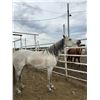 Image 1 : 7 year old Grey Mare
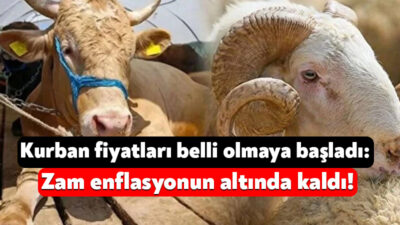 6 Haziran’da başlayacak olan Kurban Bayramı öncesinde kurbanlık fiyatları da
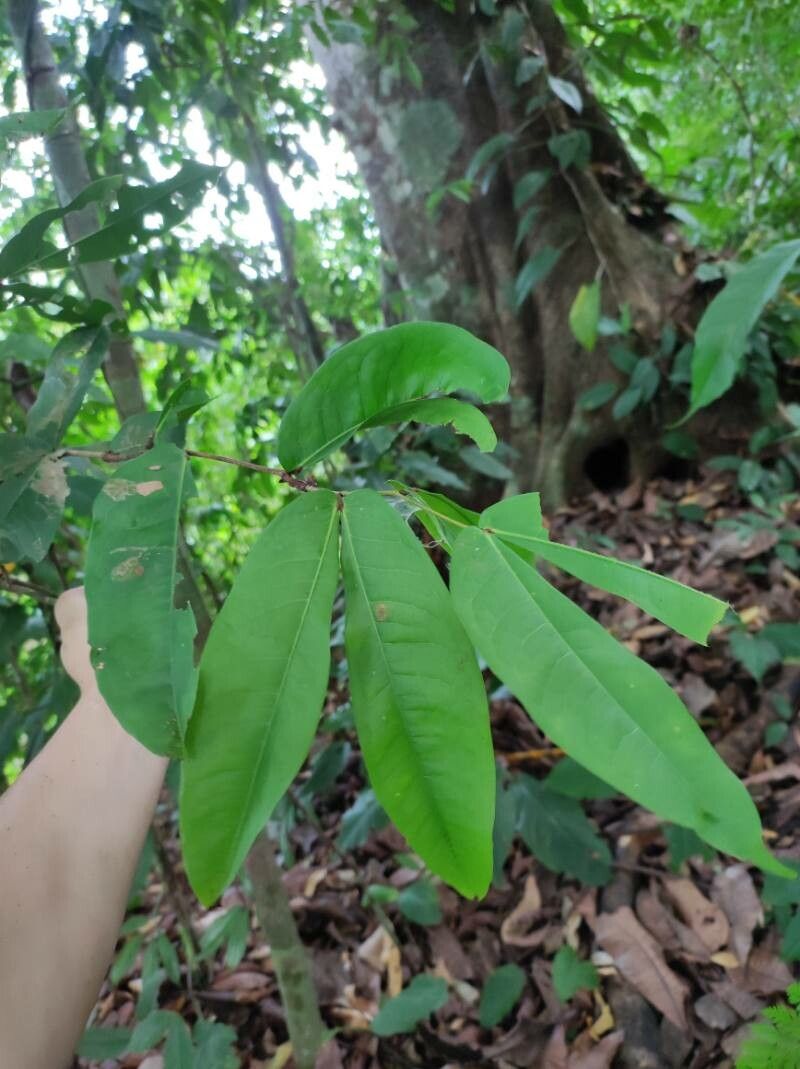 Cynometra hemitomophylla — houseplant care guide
══════════
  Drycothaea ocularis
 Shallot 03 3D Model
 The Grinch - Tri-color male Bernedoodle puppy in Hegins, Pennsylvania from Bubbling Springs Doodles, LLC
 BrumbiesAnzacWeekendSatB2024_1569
══════════
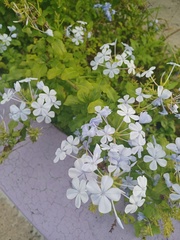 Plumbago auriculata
══════════
In the listing above, locate the line with "Drycothaea ocularis" and the line with "BrumbiesAnzacWeekendSatB2024_1569", then extract exactly those lines and every line between them, and nothing more.

  Drycothaea ocularis
 Shallot 03 3D Model
 The Grinch - Tri-color male Bernedoodle puppy in Hegins, Pennsylvania from Bubbling Springs Doodles, LLC
 BrumbiesAnzacWeekendSatB2024_1569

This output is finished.